The data:
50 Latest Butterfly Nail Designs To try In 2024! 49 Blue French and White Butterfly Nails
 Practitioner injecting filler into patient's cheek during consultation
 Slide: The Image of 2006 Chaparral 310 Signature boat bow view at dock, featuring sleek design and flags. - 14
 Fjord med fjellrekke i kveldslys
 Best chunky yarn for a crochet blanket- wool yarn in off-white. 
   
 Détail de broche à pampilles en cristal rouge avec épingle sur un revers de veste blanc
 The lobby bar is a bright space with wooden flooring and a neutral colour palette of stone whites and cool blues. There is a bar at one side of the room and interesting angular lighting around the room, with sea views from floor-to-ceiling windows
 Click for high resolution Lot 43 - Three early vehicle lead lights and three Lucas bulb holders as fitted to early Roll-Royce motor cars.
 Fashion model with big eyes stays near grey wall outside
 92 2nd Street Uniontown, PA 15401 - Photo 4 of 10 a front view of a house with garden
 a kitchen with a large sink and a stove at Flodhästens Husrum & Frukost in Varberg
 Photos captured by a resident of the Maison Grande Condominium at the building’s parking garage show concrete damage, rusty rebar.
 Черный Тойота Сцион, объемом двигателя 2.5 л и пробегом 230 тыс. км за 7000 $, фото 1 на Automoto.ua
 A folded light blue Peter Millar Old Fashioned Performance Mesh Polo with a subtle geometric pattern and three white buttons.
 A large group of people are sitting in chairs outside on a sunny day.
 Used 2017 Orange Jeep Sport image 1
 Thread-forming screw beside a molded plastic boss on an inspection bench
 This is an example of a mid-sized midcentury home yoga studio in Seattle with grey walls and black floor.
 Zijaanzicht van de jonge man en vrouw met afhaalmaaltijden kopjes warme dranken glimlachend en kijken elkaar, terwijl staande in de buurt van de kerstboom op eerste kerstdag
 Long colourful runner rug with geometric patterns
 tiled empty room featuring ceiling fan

What the exercise asks: Word for word, write out all of the entries.

Task solution:
50 Latest Butterfly Nail Designs To try In 2024! 49 Blue French and White Butterfly Nails
 Practitioner injecting filler into patient's cheek during consultation
 Slide: The Image of 2006 Chaparral 310 Signature boat bow view at dock, featuring sleek design and flags. - 14
 Fjord med fjellrekke i kveldslys
 Best chunky yarn for a crochet blanket- wool yarn in off-white. 
   
 Détail de broche à pampilles en cristal rouge avec épingle sur un revers de veste blanc
 The lobby bar is a bright space with wooden flooring and a neutral colour palette of stone whites and cool blues. There is a bar at one side of the room and interesting angular lighting around the room, with sea views from floor-to-ceiling windows
 Click for high resolution Lot 43 - Three early vehicle lead lights and three Lucas bulb holders as fitted to early Roll-Royce motor cars.
 Fashion model with big eyes stays near grey wall outside
 92 2nd Street Uniontown, PA 15401 - Photo 4 of 10 a front view of a house with garden
 a kitchen with a large sink and a stove at Flodhästens Husrum & Frukost in Varberg
 Photos captured by a resident of the Maison Grande Condominium at the building’s parking garage show concrete damage, rusty rebar.
 Черный Тойота Сцион, объемом двигателя 2.5 л и пробегом 230 тыс. км за 7000 $, фото 1 на Automoto.ua
 A folded light blue Peter Millar Old Fashioned Performance Mesh Polo with a subtle geometric pattern and three white buttons.
 A large group of people are sitting in chairs outside on a sunny day.
 Used 2017 Orange Jeep Sport image 1
 Thread-forming screw beside a molded plastic boss on an inspection bench
 This is an example of a mid-sized midcentury home yoga studio in Seattle with grey walls and black floor.
 Zijaanzicht van de jonge man en vrouw met afhaalmaaltijden kopjes warme dranken glimlachend en kijken elkaar, terwijl staande in de buurt van de kerstboom op eerste kerstdag
 Long colourful runner rug with geometric patterns
 tiled empty room featuring ceiling fan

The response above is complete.